* _TASK DIRECTIONS_: Exact copy, no pictures: return only the lines below from the line with "salsa tapas paella 768x432" up to and including the line with "Heyelan faciası: Otoyol kapandı".

*** Opening SOURCE DATA ***

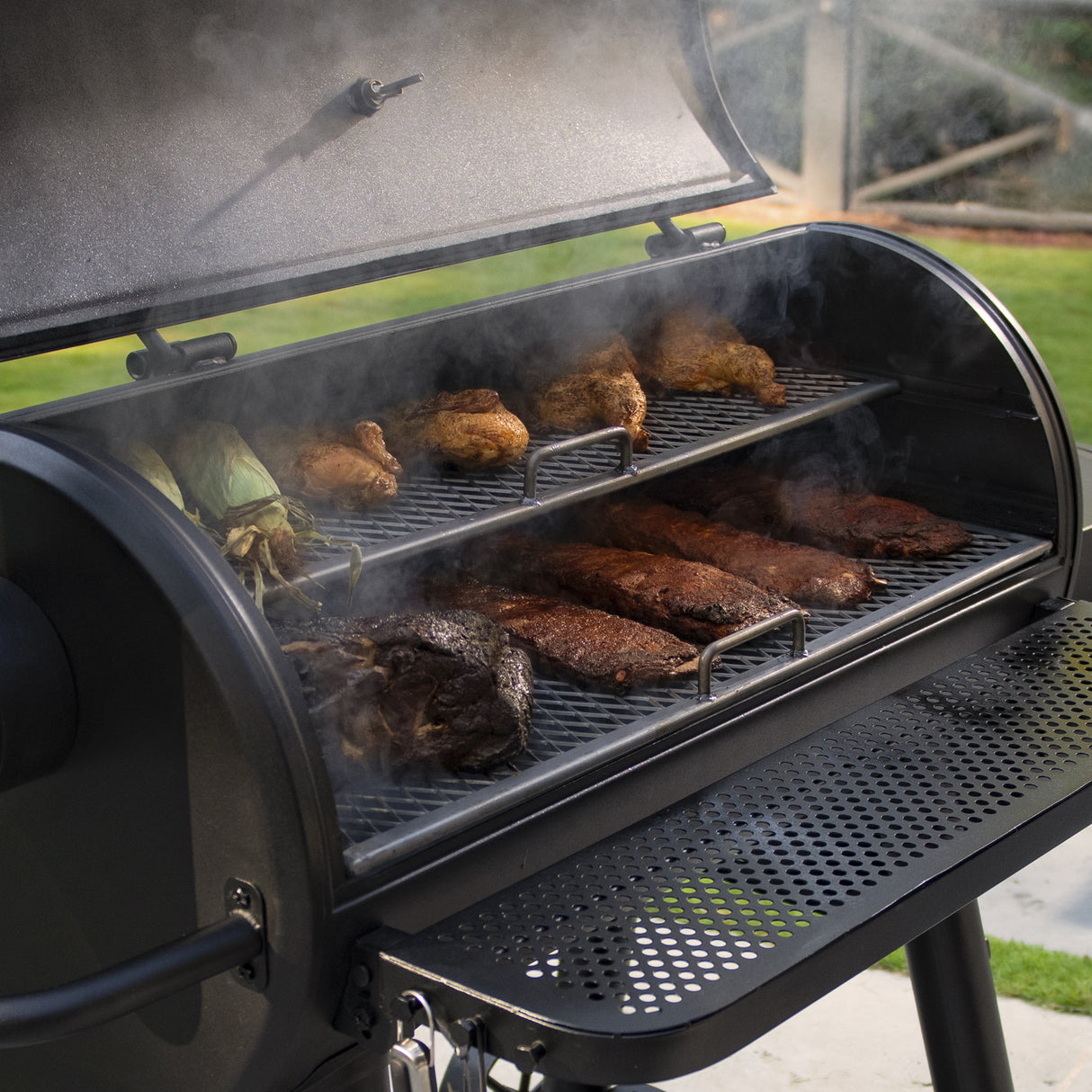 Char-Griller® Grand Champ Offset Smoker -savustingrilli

*** Closing SOURCE DATA ***
*** Opening SOURCE DATA ***

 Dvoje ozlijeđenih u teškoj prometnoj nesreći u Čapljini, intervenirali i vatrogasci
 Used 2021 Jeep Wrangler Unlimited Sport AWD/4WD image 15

*** Closing SOURCE DATA ***
*** Opening SOURCE DATA ***

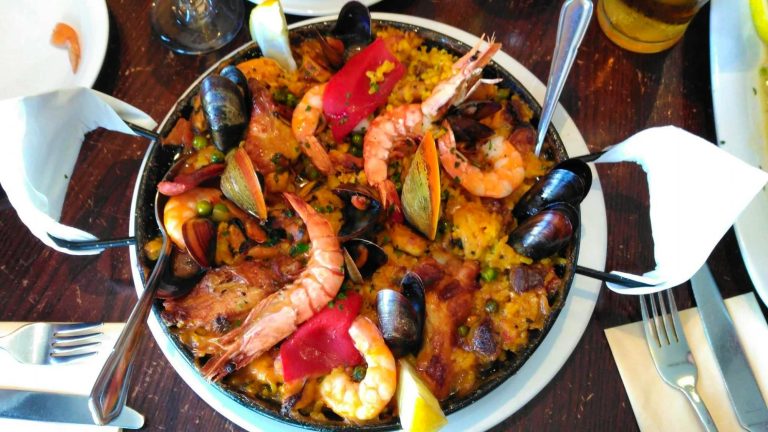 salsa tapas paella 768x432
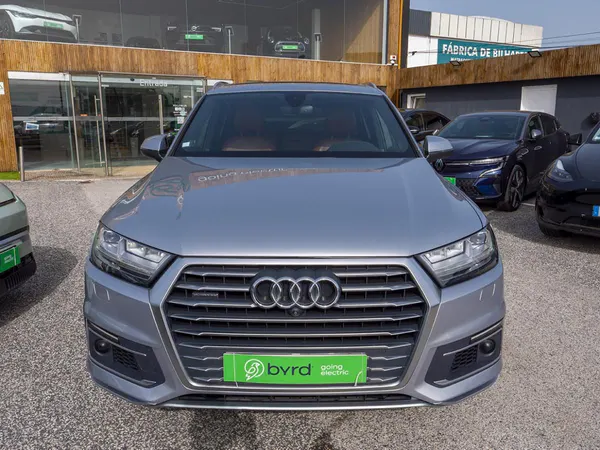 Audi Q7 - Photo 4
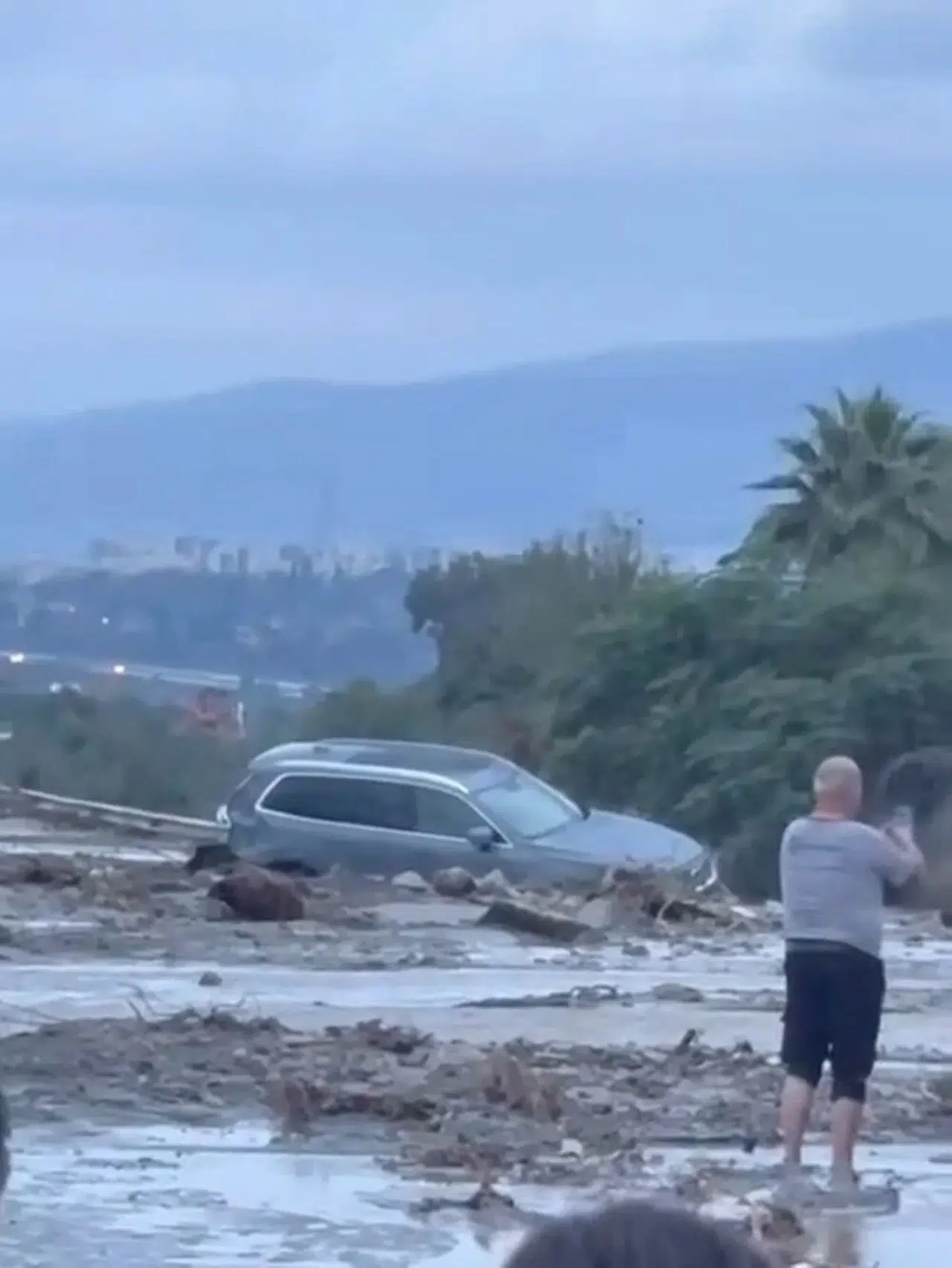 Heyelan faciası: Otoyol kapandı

*** Closing SOURCE DATA ***

* _WRITTEN ANSWER_:
 salsa tapas paella 768x432
 Audi Q7 - Photo 4
 Heyelan faciası: Otoyol kapandı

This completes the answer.